You can rephrase this problem: by an inverse Fourier transform of I(q), you get ρ(r) convolved with its own mirror image (something called the Patterson function). The hard part of the problem is getting from the Patterson function to the underlying electron density ρ(r). This doesn’t have a single elegant solution, only a bunch of tradeoffs you can take. Since this is often done for finding the structure of biomolecules (especially proteins), I’ll list a few with that application in mind.^[8]

For not-too-complicated crystals, you can try to power through with math alone. The problem is quite constrained simply because the density has to be a real-valued function and cannot be negative. You can hope that it’s in fact constrained enough to have a unique solution, which you can try to find by some iterative algorithm. One thing you can do is repeatedly Fourier-transform back and forth between an electron density and a diffraction pattern, always applying constraints (removing negative numbers in the density half and changing the amplitudes to the observed ones in the intensity half), hoping to converge to a self-consistent answer.
- There is no proof that this procedure works in general,^[9] but you can try more specific physical constraints if you initially fail. For more complicated structures like proteins, it’s not computationally possible, and the data isn’t good enough to solve this with more computing power anyway.
- You can do molecular replacement: start the iterative methods from the structure of a similar crystal or a guess of the shape to give the model a better chance of converging, but this introduces a bias to the procedure.
You can add heavy atoms to your protein; they produce a strong signal that helps localise them in the Patterson function, and then you can use their positions to constrain the rest of the signal. But this only works when the protein keeps its shape after this modification, which it might not (proteins can change shape in one part in response to something happening at a different part of the protein entirely — in fact this is a common protein function, called allostery). This is called multiple isomorphous replacement (MIR); the isomorphous refers to the hope that the structure doesn’t change.
You can use more sophisticated physics of the interaction of X-rays and matter (part of the reason for the more-or-less above): X-rays can also be absorbed by atoms. This is strongest at specific frequencies for each atom, called absorption edges. At those frequencies, the contribution of the atom to the density function suddenly jumps up.
- In Multi-wavelength Anomalous Diffraction (MAD), you measure just below and just above an absorption edge, which is like suddenly getting more density at those atoms only, at which point you can use the same techniques as for MIR, but without the worry that the structure changes.
- Single-wavelength Anomalous Diffraction (SAD) is an even more subtle method that works with a single measurement around the absorption edge.
- For both of those, the tradeoff is that you need more sophisticated measuring technology (a synchrotron), and you also need specific atoms in your structure (but they are more biology-friendly ones like selenium or sulfur).
You might want to just simulate the physics of protein folding using molecular dynamics, but we’re just not there with our computing speed for this to be practical.
These days, you can use AlphaFold, a machine-learning model that can predict the structure of a protein just from its amino acid sequence (something easily found by chemical means). This is a big deal (it practically solved the “vanilla” problem of protein structure prediction, something nobody had expected to happen for decades to come, and it’s now even used in experimental work for molecular replacement), but it only exists on top of all the previous methods, since it can only be trained on structures where there is a lot of existing experimental data. After proteins, later versions also took on more complicated edge cases and other biomolecules, but the more edgy the cases get, the less reliable AlphaFold gets.

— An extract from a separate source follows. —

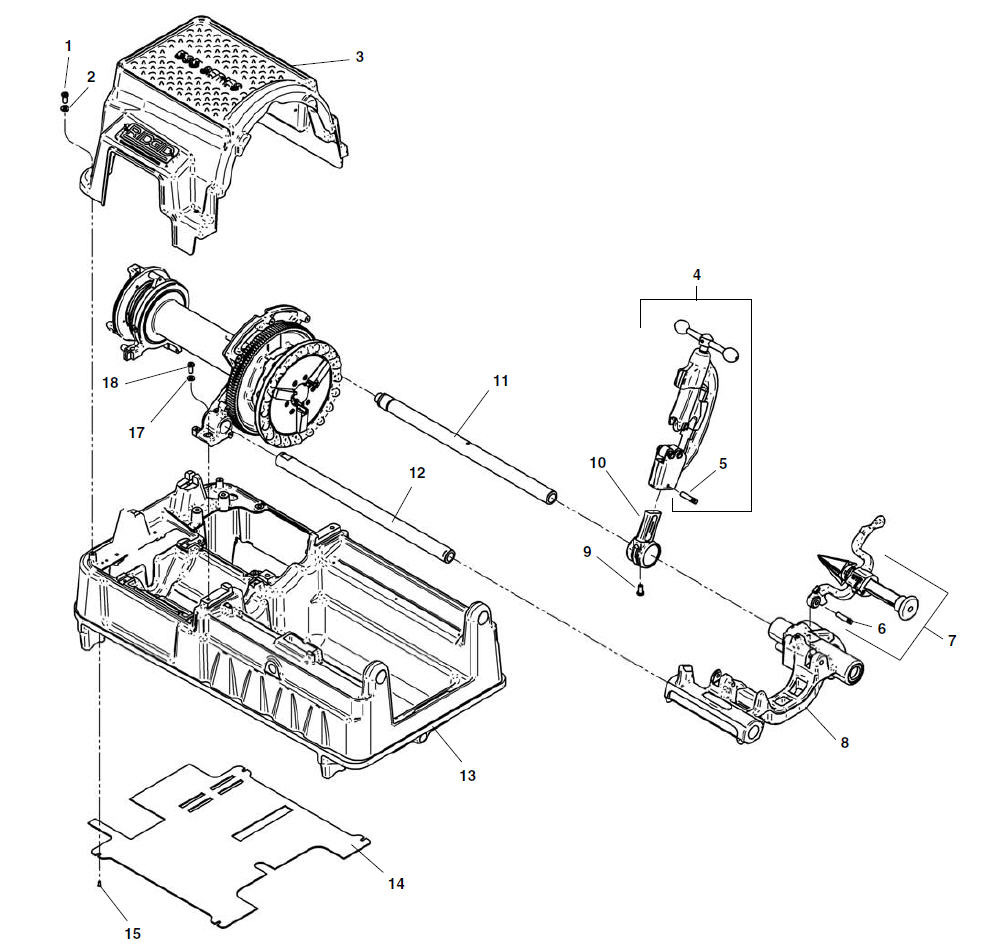 Ridgid 535 Specs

And all of this (including AlphaFold!) only gives you the structure of the protein in a crystal, which is not guaranteed to be the same structure it has in a cell.

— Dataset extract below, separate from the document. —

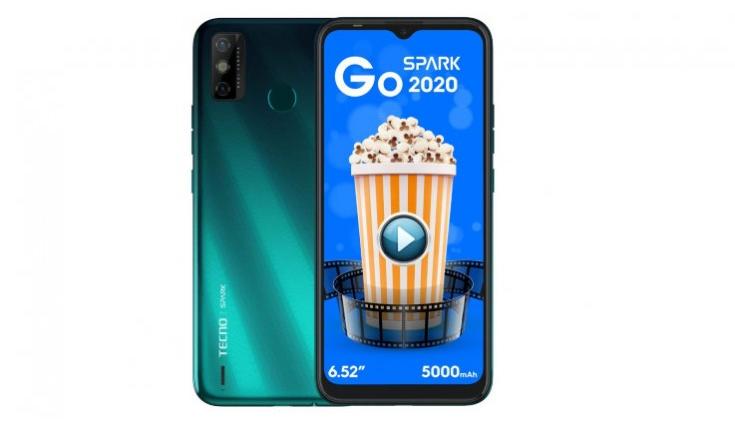 Tecno Spark Go 2020 with MediaTek Helio A20 chipset launched in India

The 1959 solution for haemoglobin. I was wondering what protein to use and the charm of this hand-drawn image won me over. (source)

As a semi-random example from practice, a while ago I did a class presentation on the discovery / synthesis of a particular ribozyme (a piece of RNA that can catalyse a chemical reaction), and in this paper, the authors found its structure by a mixture of nearly all the approaches and then some:

First they made several variations of their ribozyme to get one that would even crystallise.
Then they checked what it did chemically, and from that hypothesised some features it needed to have.
They they did iterated molecular replacement, which seems to be a rather manual process for building a structure consistent with the diffraction data starting from the structure of a related ribozyme.
They produced several crystals of the ribozyme with various modifications and used molecular replacement from the original structure to solve their structures.
Finally, they grew two crystals with added heavy atoms (thallium or selenium) and used SAD on the extra atoms to check for consistency.
The paper is from 2022, when AlphaFold couldn’t yet work with RNA. I tried pasting the sequence from the paper into Google’s AlphaFold3 server, and got a low-confidence incorrect structure.^[10]

As you can see, this is a huge amount of work, a large part of which is trial-and-error and redundant double-checking to wrestle with the hydra.

And each of these steps is its own hydra. From my own experience at a synchrotron measurement, I can say that there’s lots of instrument alignment that must be done before you even get scattering patterns in the first place. I expect that something analogous holds for the chemical procedures.

Now for a story that illustrates just how far the hydra can reach and what it can force you to do before you finally get a precise measurement.

LIGO

Modern, 21st century experimental physics involves incredibly precise measurements, the pinnacle of which is LIGO, a detector for gravitational waves. Its development needed lots of workarounds for failed auxiliary assumptions.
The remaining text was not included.